让我们获得现有的数据库。我假设您熟悉Spark DataFrame API及其方法：

spark.sql("show databases").show()

pandas -> spark

第一个集成是关于如何将数据从pandas库（即用于执行内存数据操作的Python标准库）移动到Spark。首先，让我们加载一个pandas DataFrame。这个是关于马德里的空气质量（只是为了满足您的好奇心，但对于将数据从一个地方移动到另一个地方并不重要）。你可以在这里下载。确保安装pytables以读取hdf5数据。

air_quality_df = pd.read_hdf('data/air_quality/air-quality-madrid/madrid.h5', key='28079008')
air_quality_df.head()

	BEN	CH4	CO	EBE	NMHC	NO	NO_2	NOx	O_3	PM10	PM25	SO_2	TCH	TOL
date
2001-07-01 01:00:00	30.65	NaN	6.91	42.639999	NaN	NaN	381.299988	1017.000000	9.010000	158.899994	NaN	47.509998	NaN	76.050003
2001-07-01 02:00:00	29.59	NaN	2.59	50.360001	NaN	NaN	209.500000	409.200012	23.820000	104.800003	NaN	20.950001	NaN	84.900002
2001-07-01 03:00:00	4.69	NaN	0.76	25.570000	NaN	NaN	116.400002	143.399994	31.059999	48.470001	NaN	11.270000	NaN	20.980000
2001-07-01 04:00:00	4.46	NaN	0.74	22.629999	NaN	NaN	116.199997	149.300003	23.780001	47.500000	NaN	10.100000	NaN	14.770000
2001-07-01 05:00:00	2.18	NaN	0.57	11.920000	NaN	NaN	100.900002	124.800003	29.530001	49.689999	NaN	7.680000	NaN	8.970000

让我们对这个DataFrame进行一些更改，比如重置datetime索引，以便在加载到Spark时不会丢失信息。由于Spark在处理日期时遇到了一些问题（与系统区域设置，时区等相关），因此日期时间也将转换为字符串。

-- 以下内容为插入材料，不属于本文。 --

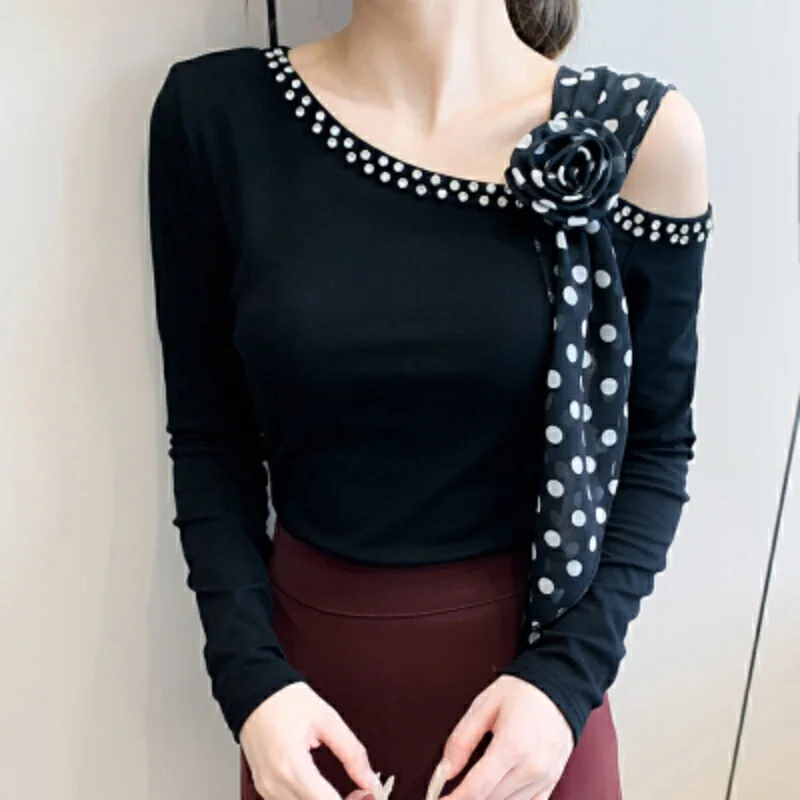 Korean Design Irregular Slant Neck Beaded Diamond T-Shirt Women's Sexy Off-Shoulder Autumn Long Sleeve Slim Fashion Top Shirt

air_quality_df.reset_index(inplace=True)
air_quality_df['date'] = air_quality_df['date'].dt.strftime('%Y-%m-%d %H:%M:%S')

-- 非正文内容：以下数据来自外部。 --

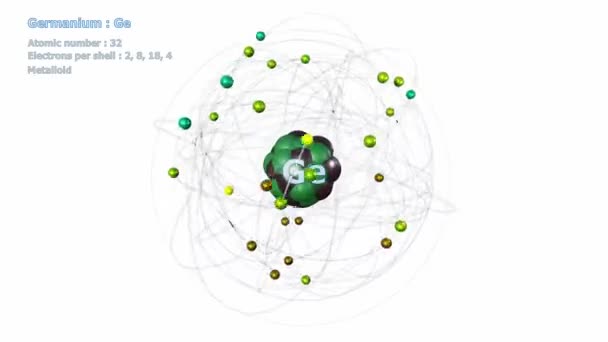Átomo Germânio Com Elétrons Rotação Orbital Infinita Sobre Fundo Branco — Vídeo de Stock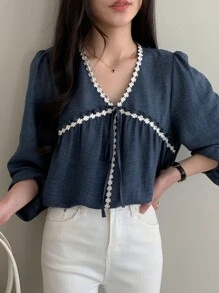 DAZY Women's Color Block Lace Trim Loose Long Sleeve Drawstring V-Neck Vacation Blouse Top,Fall Clothes - Blue - View 4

我们可以简单地从pandas加载到Spark createDataFrame：

air_quality_sdf = spark.createDataFrame(air_quality_df)
air_quality_sdf.dtypes

将DataFrame加载到Spark（如此air_quality_sdf处）后，可以使用PySpark方法轻松操作：

air_quality_sdf.select('date', 'NOx').show(5)

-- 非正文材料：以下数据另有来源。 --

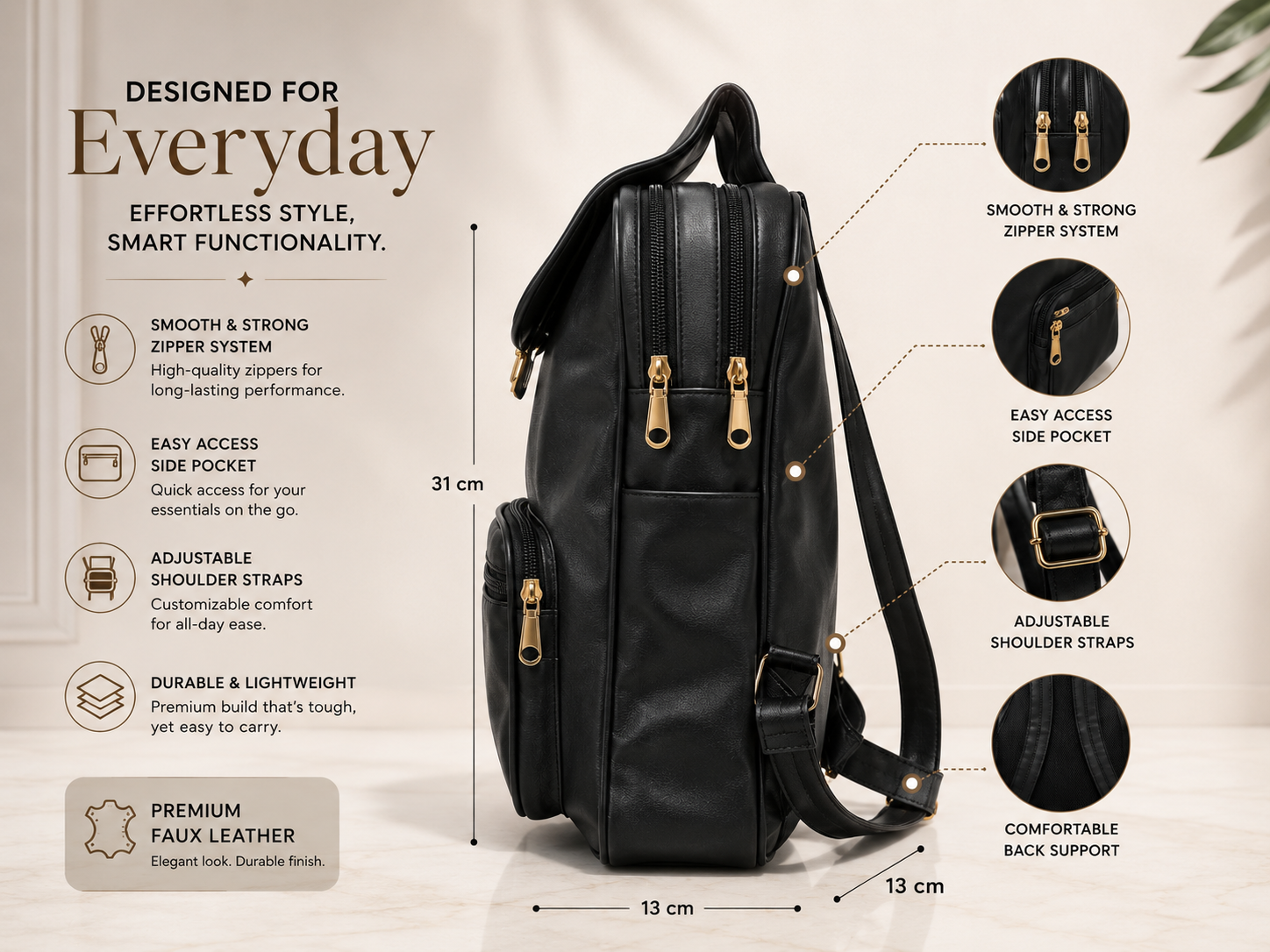 Side view of Uniqueonn GlamCarry Classic Black backpack showing dual compartments, zippers, adjustable straps and faux leather finish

±------------------±-----------------+
| date| NOx|
±------------------±-----------------+
|2001-07-01 01:00:00| 1017.0|
|2001-07-01 02:00:00|409.20001220703125|
|2001-07-01 03:00:00|143.39999389648438|
|2001-07-01 04:00:00| 149.3000030517578|
|2001-07-01 05:00:00|124.80000305175781|
±------------------±-----------------+
only showing top 5 rows

pandas -> spark -> hive

要将Spark DataFrame持久保存到HDFS中，可以使用默认的Hadoop SQL引擎（Hive）进行查询，一个简单的策略（不是唯一的策略）是从该DataFrame创建时间视图：

air_quality_sdf.createOrReplaceTempView("air_quality_sdf")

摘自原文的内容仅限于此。